## Methods

One common feature of the existing works on Transformer for decision making is that they
mainly focus on modeling
the time-varying features of robotic trajectories in **time domain** by drawing a direct
analogy with that in modeling natural language sentences. We argue that this is insufficient in
embodied learning, which has its unique features.
Specifically, we take a close examination on embodied learning from the **frequency domain**
and observe that the energy density distribution of a robot's state sequence is mainly concentrated
in the low-frequency part, as shown in figure below. This is due to the
inherent continuity and smoothness in natural physical phenomena and robot motors.

However, by directly modeling trajectories in the time domain, existing works on Transformer and
its variants do not take into account this inductive bias for robotic control, resulting in
low data efficiency and high inference latency.
To address these issues, we propose a new architecture of Fourier Controller Network (FCNet)
based on the key observation in the frequency domain.
FCNet grounds the inductive bias in robotic control inspired by the Fourier transform.
We conceptualize low-level continuous control as a sequential decision-making problem.
Our neural model is adept at predicting subsequent actions by analyzing a historical window
of state data, as depicted in the figure below.
We concatenate action, reward, and state tokens together and then perform parallel training and
real-time decision inference on this sequence.

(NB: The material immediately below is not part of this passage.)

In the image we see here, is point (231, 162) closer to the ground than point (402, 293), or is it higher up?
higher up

Guided by the observation in the frequency domain and the inductive reasoning that
differential dynamics are simplified in the frequency domain, FCNet introduces a causal
spectral convolution (CSC) block. It employs the Short-Time Fourier Transform (STFT) and
linear transform
for efficient feature extraction in the **frequency domain**, distinct from Transformer
and other prevalent architectures.
As shown in figure below, we focus on the $m$ lowest modes, with $m$ strategically selected to
be $\ll n$, where $n$ is the length of the state window.
Consequently, the high-frequency part in the frequency domain is filtered, allowing us to
focus solely on these $m$ lowest modes.
The CSC makes efficient training and real-time inference possible, and has also been
shown to have good performance in experiments.

Furthermore, to achieve efficient parallel training and inference,
which necessitates causality in the model's sequential outputs (dependent only on previous inputs)
and the rapid generation of each output token for real-time response,
we introduce parallel training based on Fast Fourier transform (FFT),
and recurrent inference based on sliding discrete Fourier transform (Sliding DFT) in FCNet.

This efficiency marks a significant speed advantage over traditional Transformer models,
enabling handling the complexities of real-time continuous control in dynamic environments.